BMC Bioinformatics. 2014;15 Suppl 2(Suppl 2):S8. doi: 10.1186/1471-2105-15-S2-S8. Epub 2014 Jan 31.
Under a Markov model of evolution, recoding, or lumping, of the four nucleotides into fewer groups may permit analysis under simpler conditions but may unfortunately yield misleading results unless the evolutionary process of the recoded groups remains Markovian. If a Markov process is lumpable, then the evolutionary process of the recoded groups is Markovian.

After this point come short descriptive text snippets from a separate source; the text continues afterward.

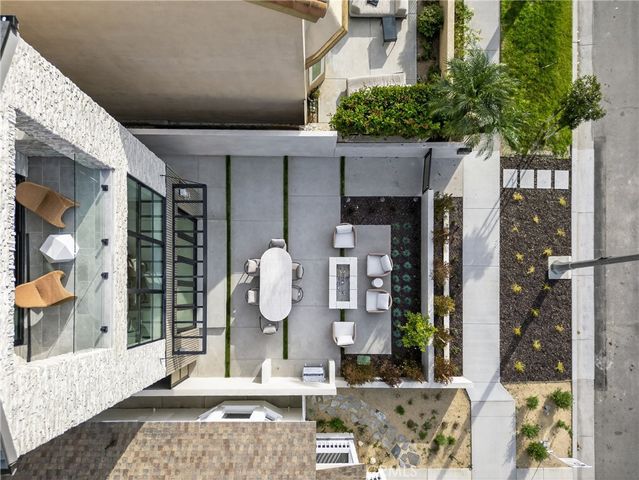 520 11th Street, Huntington Beach, CA 92648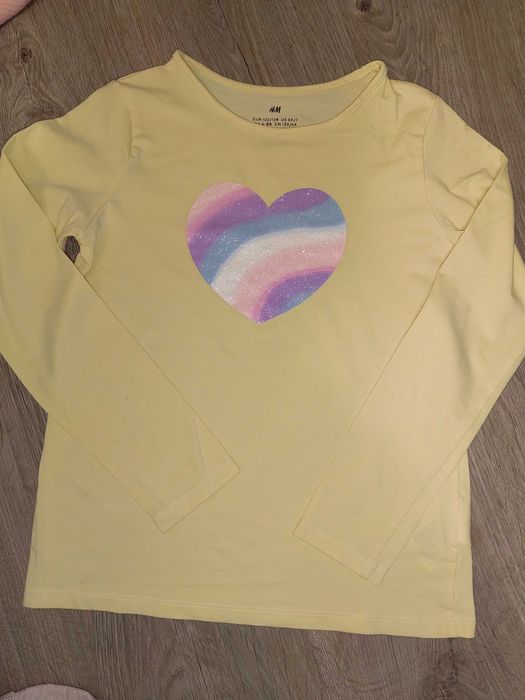 Лот блузки 128 размер , цена 20 лв общо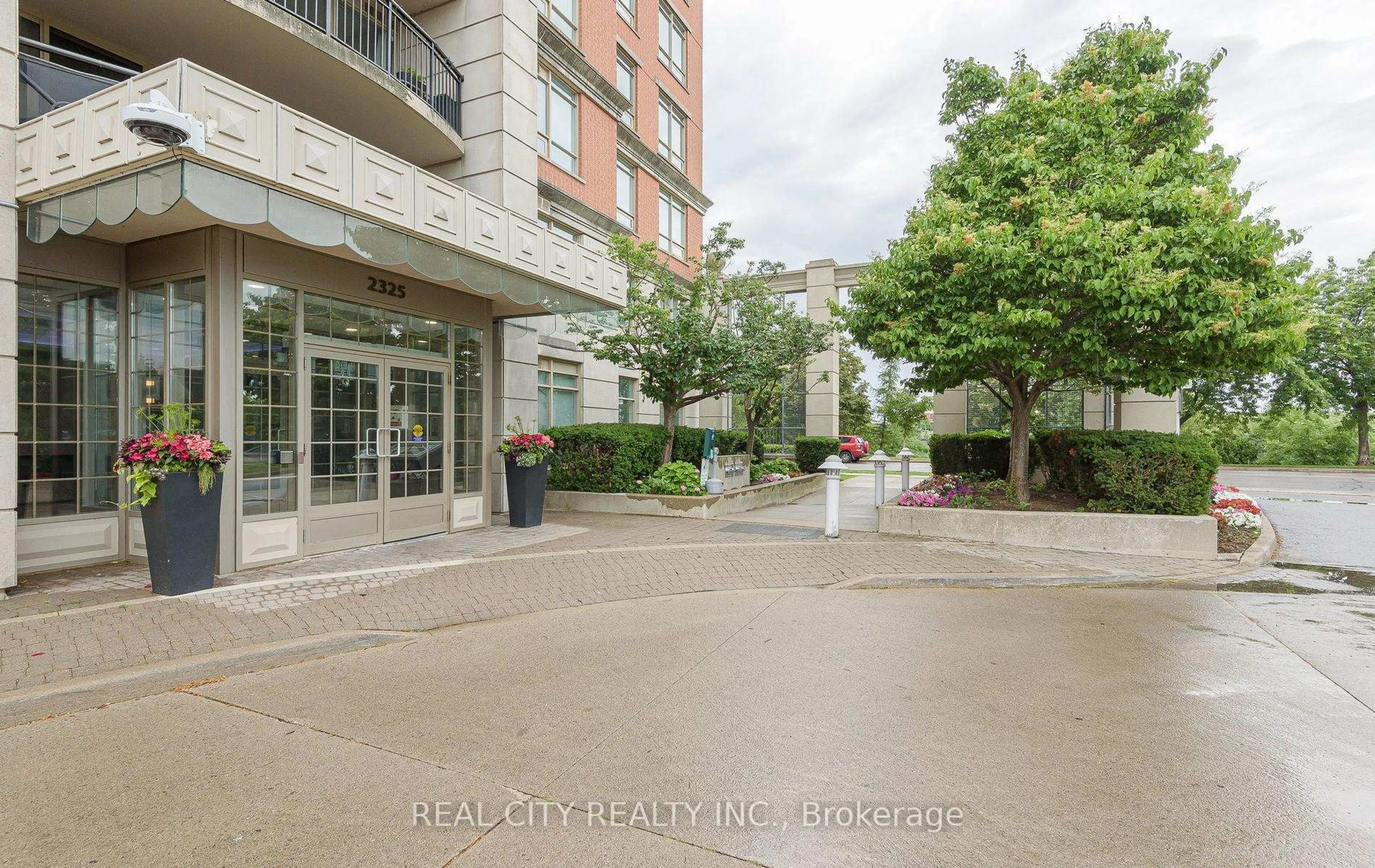 Patio, street for 2325 Central Park Dr #704, Oakville Ontario L6H 0E2
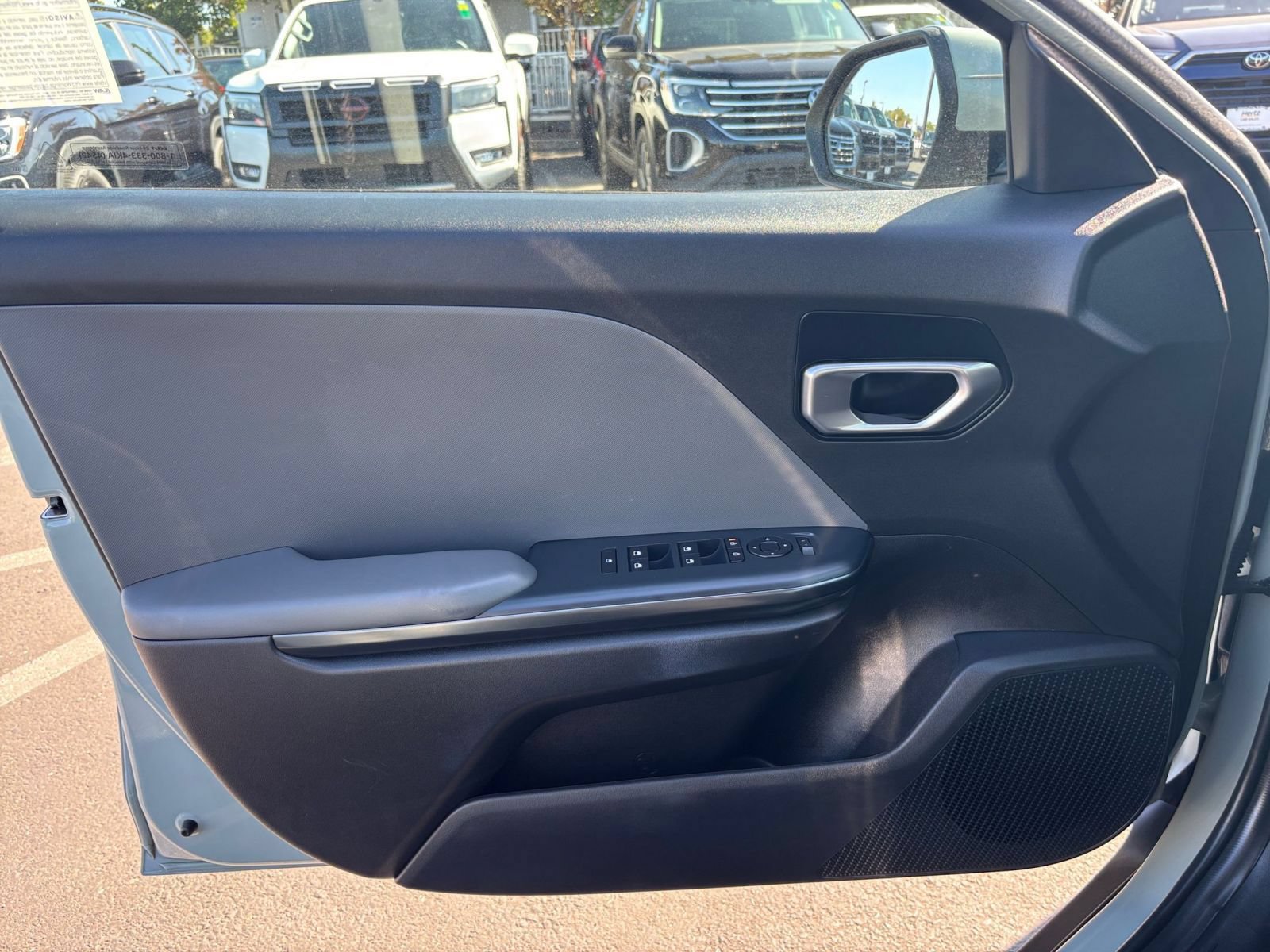 Used 2025 Kia K4 FWD image 18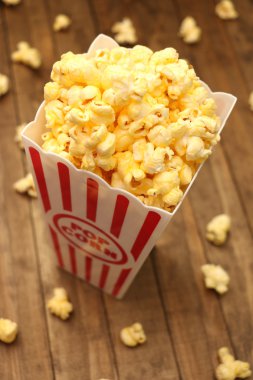 Tahta masada tereyağlı patlamış mısır. 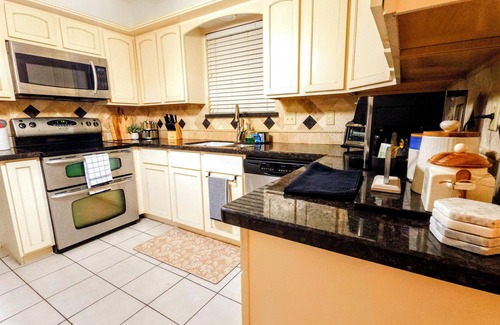 Spring House | Spacious 4-bedroom 2-bath POOL HOUSE fully fenced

We consider stationary, reversible, and homogeneous Markov processes on two taxa and compare three tests for lumpability: one using an ad hoc test statistic, which is based on an index that is evaluated using a bootstrap approximation of its distribution; one that is based on a test proposed specifically for Markov chains; and one using a likelihood-ratio test. We show that the likelihood-ratio test is more powerful than the index test, which is more powerful than that based on the Markov chain test statistic. We also show that for stationary processes on binary trees with more than two taxa, the tests can be applied to all pairs. Finally, we show that if the process is lumpable, then estimates obtained under the recoded model agree with estimates obtained under the original model, whereas, if the process is not lumpable, then these estimates can differ substantially. We apply the new likelihood-ratio test for lumpability to two primate data sets, one with a mitochondrial origin and one with a nuclear origin.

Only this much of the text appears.